**Provided data**
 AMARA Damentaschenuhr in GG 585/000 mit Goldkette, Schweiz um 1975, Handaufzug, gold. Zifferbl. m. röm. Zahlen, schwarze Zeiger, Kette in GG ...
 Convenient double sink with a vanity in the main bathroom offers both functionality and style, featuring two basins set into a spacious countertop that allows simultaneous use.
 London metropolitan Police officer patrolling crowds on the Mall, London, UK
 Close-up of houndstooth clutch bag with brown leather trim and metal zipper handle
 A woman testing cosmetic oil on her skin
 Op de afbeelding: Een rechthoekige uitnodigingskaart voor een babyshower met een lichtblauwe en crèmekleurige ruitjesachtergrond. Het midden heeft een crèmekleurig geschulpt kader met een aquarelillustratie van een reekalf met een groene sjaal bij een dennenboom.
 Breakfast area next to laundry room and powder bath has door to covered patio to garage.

--

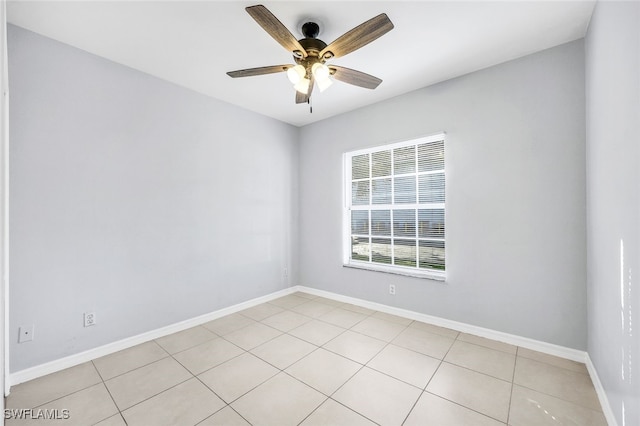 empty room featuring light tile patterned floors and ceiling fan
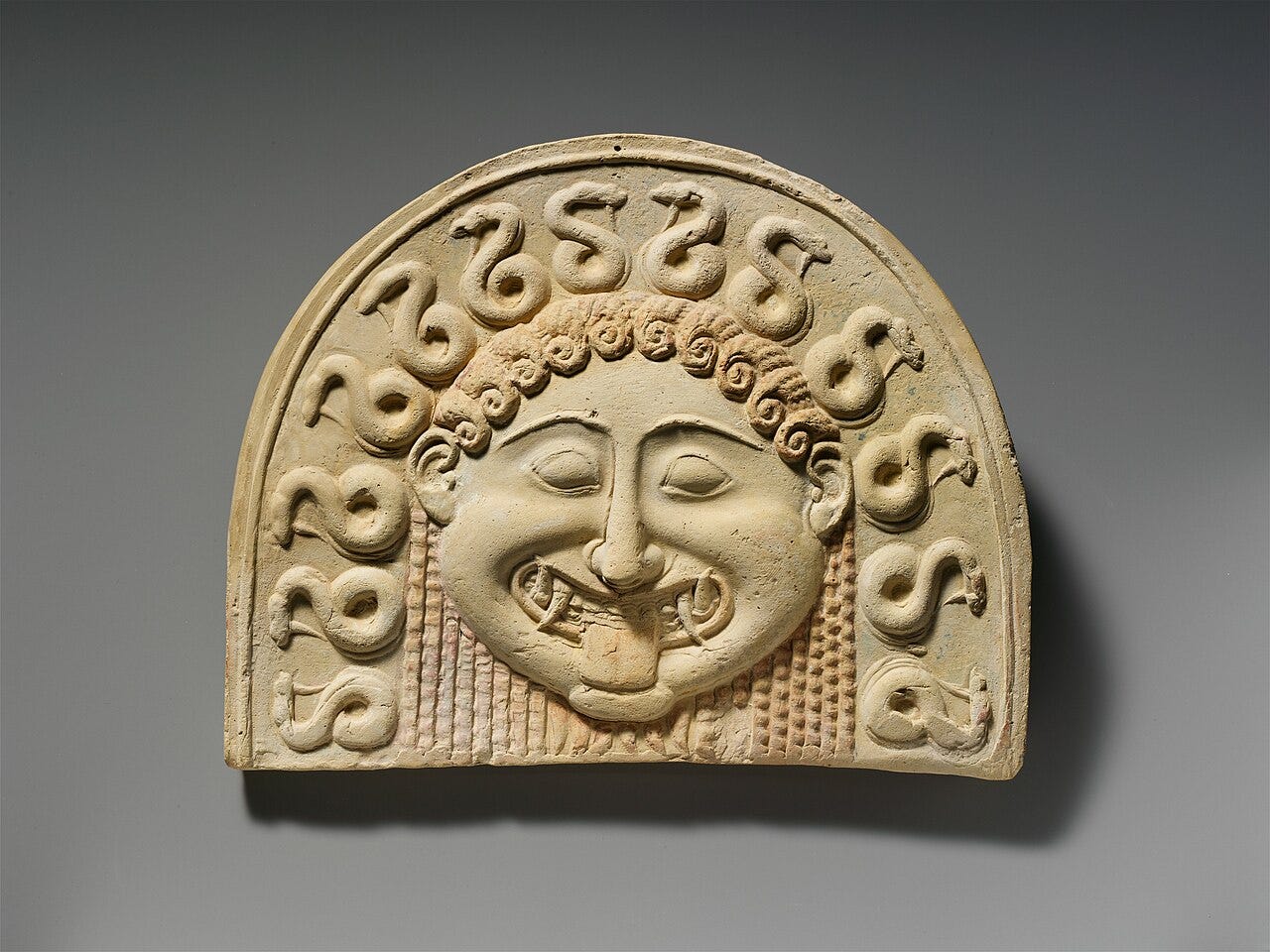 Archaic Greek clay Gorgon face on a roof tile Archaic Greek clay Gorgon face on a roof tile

**Task details**
Word for word, restate the lines of the listing above starting at the line with "Convenient double sink" and ending at the line with "A woman testing cosmetic oil on her skin", and nothing outside them.

**Exercise solution**
 Convenient double sink with a vanity in the main bathroom offers both functionality and style, featuring two basins set into a spacious countertop that allows simultaneous use.
 London metropolitan Police officer patrolling crowds on the Mall, London, UK
 Close-up of houndstooth clutch bag with brown leather trim and metal zipper handle
 A woman testing cosmetic oil on her skin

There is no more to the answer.